-- Material for this exercise follows --

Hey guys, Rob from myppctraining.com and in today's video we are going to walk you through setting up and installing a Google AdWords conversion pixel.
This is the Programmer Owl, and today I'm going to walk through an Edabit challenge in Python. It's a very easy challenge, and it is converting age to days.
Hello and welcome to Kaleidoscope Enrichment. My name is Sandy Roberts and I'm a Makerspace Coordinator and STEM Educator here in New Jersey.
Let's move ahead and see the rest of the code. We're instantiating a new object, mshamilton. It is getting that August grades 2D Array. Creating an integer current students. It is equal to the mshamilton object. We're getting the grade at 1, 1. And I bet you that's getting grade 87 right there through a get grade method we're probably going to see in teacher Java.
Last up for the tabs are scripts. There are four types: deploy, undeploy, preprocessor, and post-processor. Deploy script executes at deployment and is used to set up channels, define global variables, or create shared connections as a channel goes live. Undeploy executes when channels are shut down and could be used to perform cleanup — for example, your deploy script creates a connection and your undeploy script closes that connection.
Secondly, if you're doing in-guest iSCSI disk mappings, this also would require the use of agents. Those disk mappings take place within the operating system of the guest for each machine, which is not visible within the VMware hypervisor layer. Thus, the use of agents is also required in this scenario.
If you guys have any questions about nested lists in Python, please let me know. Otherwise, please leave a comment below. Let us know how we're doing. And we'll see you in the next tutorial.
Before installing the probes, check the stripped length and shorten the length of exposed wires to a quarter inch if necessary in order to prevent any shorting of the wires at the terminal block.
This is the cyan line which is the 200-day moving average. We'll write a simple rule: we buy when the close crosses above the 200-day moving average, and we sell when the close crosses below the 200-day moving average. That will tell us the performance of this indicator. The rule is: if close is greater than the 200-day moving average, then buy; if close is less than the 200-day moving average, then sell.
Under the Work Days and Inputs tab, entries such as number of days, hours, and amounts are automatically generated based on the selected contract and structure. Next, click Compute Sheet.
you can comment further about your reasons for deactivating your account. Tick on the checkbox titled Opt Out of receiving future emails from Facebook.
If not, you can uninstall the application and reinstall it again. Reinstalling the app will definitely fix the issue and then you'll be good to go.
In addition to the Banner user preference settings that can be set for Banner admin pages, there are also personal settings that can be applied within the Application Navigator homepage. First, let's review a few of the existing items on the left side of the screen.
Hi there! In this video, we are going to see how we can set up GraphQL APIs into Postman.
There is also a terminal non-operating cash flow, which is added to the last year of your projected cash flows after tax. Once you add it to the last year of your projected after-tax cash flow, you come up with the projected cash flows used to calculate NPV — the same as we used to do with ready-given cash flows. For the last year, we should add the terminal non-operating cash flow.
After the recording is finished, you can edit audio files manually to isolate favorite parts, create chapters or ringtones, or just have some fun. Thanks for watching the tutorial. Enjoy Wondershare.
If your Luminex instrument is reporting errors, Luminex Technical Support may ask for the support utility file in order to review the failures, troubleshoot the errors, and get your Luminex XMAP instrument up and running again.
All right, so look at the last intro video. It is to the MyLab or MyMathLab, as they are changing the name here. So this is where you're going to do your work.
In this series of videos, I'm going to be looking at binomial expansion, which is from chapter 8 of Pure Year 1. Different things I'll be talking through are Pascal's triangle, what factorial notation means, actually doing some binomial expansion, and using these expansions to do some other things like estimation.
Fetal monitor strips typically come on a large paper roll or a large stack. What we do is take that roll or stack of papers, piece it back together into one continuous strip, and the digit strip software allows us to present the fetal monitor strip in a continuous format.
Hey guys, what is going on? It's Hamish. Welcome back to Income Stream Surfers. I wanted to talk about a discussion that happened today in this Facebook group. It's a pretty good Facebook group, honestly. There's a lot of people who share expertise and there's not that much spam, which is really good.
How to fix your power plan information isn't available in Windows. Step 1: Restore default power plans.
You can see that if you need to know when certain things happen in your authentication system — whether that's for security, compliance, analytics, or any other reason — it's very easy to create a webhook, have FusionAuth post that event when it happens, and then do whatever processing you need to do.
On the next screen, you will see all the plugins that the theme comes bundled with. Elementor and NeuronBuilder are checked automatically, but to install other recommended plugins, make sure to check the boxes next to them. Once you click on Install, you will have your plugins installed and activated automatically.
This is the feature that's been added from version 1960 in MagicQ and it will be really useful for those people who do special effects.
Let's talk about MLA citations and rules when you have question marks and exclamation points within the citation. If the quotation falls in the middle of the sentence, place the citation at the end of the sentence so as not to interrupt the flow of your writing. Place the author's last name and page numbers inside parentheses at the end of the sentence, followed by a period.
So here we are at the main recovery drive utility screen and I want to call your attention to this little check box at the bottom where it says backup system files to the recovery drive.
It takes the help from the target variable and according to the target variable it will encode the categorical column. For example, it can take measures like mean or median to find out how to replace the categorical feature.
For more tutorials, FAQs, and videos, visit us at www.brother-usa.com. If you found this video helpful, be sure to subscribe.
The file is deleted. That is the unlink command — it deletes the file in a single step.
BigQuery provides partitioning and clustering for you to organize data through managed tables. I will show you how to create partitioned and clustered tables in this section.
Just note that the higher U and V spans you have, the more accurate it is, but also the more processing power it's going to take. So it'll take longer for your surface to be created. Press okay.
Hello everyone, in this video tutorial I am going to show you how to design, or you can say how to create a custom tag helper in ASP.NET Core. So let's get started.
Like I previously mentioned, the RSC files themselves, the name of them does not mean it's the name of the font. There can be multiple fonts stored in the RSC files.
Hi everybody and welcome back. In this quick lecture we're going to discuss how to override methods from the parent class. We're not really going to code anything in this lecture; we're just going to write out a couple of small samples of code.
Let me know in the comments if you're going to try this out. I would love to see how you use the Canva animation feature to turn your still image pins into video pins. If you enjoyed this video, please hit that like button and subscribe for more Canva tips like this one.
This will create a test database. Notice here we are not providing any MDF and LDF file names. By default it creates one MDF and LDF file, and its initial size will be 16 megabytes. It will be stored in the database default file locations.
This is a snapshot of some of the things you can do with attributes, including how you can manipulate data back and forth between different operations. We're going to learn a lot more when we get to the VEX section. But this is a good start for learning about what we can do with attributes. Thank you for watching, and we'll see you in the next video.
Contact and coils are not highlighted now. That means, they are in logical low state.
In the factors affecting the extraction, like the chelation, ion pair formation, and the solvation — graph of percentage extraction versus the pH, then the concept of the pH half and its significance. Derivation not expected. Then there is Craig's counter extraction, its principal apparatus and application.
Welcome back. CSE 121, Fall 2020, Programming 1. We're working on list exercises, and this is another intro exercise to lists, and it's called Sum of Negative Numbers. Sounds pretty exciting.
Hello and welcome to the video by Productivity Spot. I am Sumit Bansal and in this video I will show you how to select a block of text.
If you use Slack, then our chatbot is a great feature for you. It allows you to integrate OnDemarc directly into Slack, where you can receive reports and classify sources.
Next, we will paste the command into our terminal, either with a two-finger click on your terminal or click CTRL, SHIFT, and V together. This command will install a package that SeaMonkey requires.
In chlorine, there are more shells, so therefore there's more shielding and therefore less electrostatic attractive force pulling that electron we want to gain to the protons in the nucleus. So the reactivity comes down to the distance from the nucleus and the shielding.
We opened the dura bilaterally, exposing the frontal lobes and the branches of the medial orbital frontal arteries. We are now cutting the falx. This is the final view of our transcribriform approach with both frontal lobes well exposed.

-- Material for this exercise concluded --

Repeat the whole listing above exactly.

Hey guys, Rob from myppctraining.com and in today's video we are going to walk you through setting up and installing a Google AdWords conversion pixel.
This is the Programmer Owl, and today I'm going to walk through an Edabit challenge in Python. It's a very easy challenge, and it is converting age to days.
Hello and welcome to Kaleidoscope Enrichment. My name is Sandy Roberts and I'm a Makerspace Coordinator and STEM Educator here in New Jersey.
Let's move ahead and see the rest of the code. We're instantiating a new object, mshamilton. It is getting that August grades 2D Array. Creating an integer current students. It is equal to the mshamilton object. We're getting the grade at 1, 1. And I bet you that's getting grade 87 right there through a get grade method we're probably going to see in teacher Java.
Last up for the tabs are scripts. There are four types: deploy, undeploy, preprocessor, and post-processor. Deploy script executes at deployment and is used to set up channels, define global variables, or create shared connections as a channel goes live. Undeploy executes when channels are shut down and could be used to perform cleanup — for example, your deploy script creates a connection and your undeploy script closes that connection.
Secondly, if you're doing in-guest iSCSI disk mappings, this also would require the use of agents. Those disk mappings take place within the operating system of the guest for each machine, which is not visible within the VMware hypervisor layer. Thus, the use of agents is also required in this scenario.
If you guys have any questions about nested lists in Python, please let me know. Otherwise, please leave a comment below. Let us know how we're doing. And we'll see you in the next tutorial.
Before installing the probes, check the stripped length and shorten the length of exposed wires to a quarter inch if necessary in order to prevent any shorting of the wires at the terminal block.
This is the cyan line which is the 200-day moving average. We'll write a simple rule: we buy when the close crosses above the 200-day moving average, and we sell when the close crosses below the 200-day moving average. That will tell us the performance of this indicator. The rule is: if close is greater than the 200-day moving average, then buy; if close is less than the 200-day moving average, then sell.
Under the Work Days and Inputs tab, entries such as number of days, hours, and amounts are automatically generated based on the selected contract and structure. Next, click Compute Sheet.
you can comment further about your reasons for deactivating your account. Tick on the checkbox titled Opt Out of receiving future emails from Facebook.
If not, you can uninstall the application and reinstall it again. Reinstalling the app will definitely fix the issue and then you'll be good to go.
In addition to the Banner user preference settings that can be set for Banner admin pages, there are also personal settings that can be applied within the Application Navigator homepage. First, let's review a few of the existing items on the left side of the screen.
Hi there! In this video, we are going to see how we can set up GraphQL APIs into Postman.
There is also a terminal non-operating cash flow, which is added to the last year of your projected cash flows after tax. Once you add it to the last year of your projected after-tax cash flow, you come up with the projected cash flows used to calculate NPV — the same as we used to do with ready-given cash flows. For the last year, we should add the terminal non-operating cash flow.
After the recording is finished, you can edit audio files manually to isolate favorite parts, create chapters or ringtones, or just have some fun. Thanks for watching the tutorial. Enjoy Wondershare.
If your Luminex instrument is reporting errors, Luminex Technical Support may ask for the support utility file in order to review the failures, troubleshoot the errors, and get your Luminex XMAP instrument up and running again.
All right, so look at the last intro video. It is to the MyLab or MyMathLab, as they are changing the name here. So this is where you're going to do your work.
In this series of videos, I'm going to be looking at binomial expansion, which is from chapter 8 of Pure Year 1. Different things I'll be talking through are Pascal's triangle, what factorial notation means, actually doing some binomial expansion, and using these expansions to do some other things like estimation.
Fetal monitor strips typically come on a large paper roll or a large stack. What we do is take that roll or stack of papers, piece it back together into one continuous strip, and the digit strip software allows us to present the fetal monitor strip in a continuous format.
Hey guys, what is going on? It's Hamish. Welcome back to Income Stream Surfers. I wanted to talk about a discussion that happened today in this Facebook group. It's a pretty good Facebook group, honestly. There's a lot of people who share expertise and there's not that much spam, which is really good.
How to fix your power plan information isn't available in Windows. Step 1: Restore default power plans.
You can see that if you need to know when certain things happen in your authentication system — whether that's for security, compliance, analytics, or any other reason — it's very easy to create a webhook, have FusionAuth post that event when it happens, and then do whatever processing you need to do.
On the next screen, you will see all the plugins that the theme comes bundled with. Elementor and NeuronBuilder are checked automatically, but to install other recommended plugins, make sure to check the boxes next to them. Once you click on Install, you will have your plugins installed and activated automatically.
This is the feature that's been added from version 1960 in MagicQ and it will be really useful for those people who do special effects.
Let's talk about MLA citations and rules when you have question marks and exclamation points within the citation. If the quotation falls in the middle of the sentence, place the citation at the end of the sentence so as not to interrupt the flow of your writing. Place the author's last name and page numbers inside parentheses at the end of the sentence, followed by a period.
So here we are at the main recovery drive utility screen and I want to call your attention to this little check box at the bottom where it says backup system files to the recovery drive.
It takes the help from the target variable and according to the target variable it will encode the categorical column. For example, it can take measures like mean or median to find out how to replace the categorical feature.
For more tutorials, FAQs, and videos, visit us at www.brother-usa.com. If you found this video helpful, be sure to subscribe.
The file is deleted. That is the unlink command — it deletes the file in a single step.
BigQuery provides partitioning and clustering for you to organize data through managed tables. I will show you how to create partitioned and clustered tables in this section.
Just note that the higher U and V spans you have, the more accurate it is, but also the more processing power it's going to take. So it'll take longer for your surface to be created. Press okay.
Hello everyone, in this video tutorial I am going to show you how to design, or you can say how to create a custom tag helper in ASP.NET Core. So let's get started.
Like I previously mentioned, the RSC files themselves, the name of them does not mean it's the name of the font. There can be multiple fonts stored in the RSC files.
Hi everybody and welcome back. In this quick lecture we're going to discuss how to override methods from the parent class. We're not really going to code anything in this lecture; we're just going to write out a couple of small samples of code.
Let me know in the comments if you're going to try this out. I would love to see how you use the Canva animation feature to turn your still image pins into video pins. If you enjoyed this video, please hit that like button and subscribe for more Canva tips like this one.
This will create a test database. Notice here we are not providing any MDF and LDF file names. By default it creates one MDF and LDF file, and its initial size will be 16 megabytes. It will be stored in the database default file locations.
This is a snapshot of some of the things you can do with attributes, including how you can manipulate data back and forth between different operations. We're going to learn a lot more when we get to the VEX section. But this is a good start for learning about what we can do with attributes. Thank you for watching, and we'll see you in the next video.
Contact and coils are not highlighted now. That means, they are in logical low state.
In the factors affecting the extraction, like the chelation, ion pair formation, and the solvation — graph of percentage extraction versus the pH, then the concept of the pH half and its significance. Derivation not expected. Then there is Craig's counter extraction, its principal apparatus and application.
Welcome back. CSE 121, Fall 2020, Programming 1. We're working on list exercises, and this is another intro exercise to lists, and it's called Sum of Negative Numbers. Sounds pretty exciting.
Hello and welcome to the video by Productivity Spot. I am Sumit Bansal and in this video I will show you how to select a block of text.
If you use Slack, then our chatbot is a great feature for you. It allows you to integrate OnDemarc directly into Slack, where you can receive reports and classify sources.
Next, we will paste the command into our terminal, either with a two-finger click on your terminal or click CTRL, SHIFT, and V together. This command will install a package that SeaMonkey requires.
In chlorine, there are more shells, so therefore there's more shielding and therefore less electrostatic attractive force pulling that electron we want to gain to the protons in the nucleus. So the reactivity comes down to the distance from the nucleus and the shielding.
We opened the dura bilaterally, exposing the frontal lobes and the branches of the medial orbital frontal arteries. We are now cutting the falx. This is the final view of our transcribriform approach with both frontal lobes well exposed.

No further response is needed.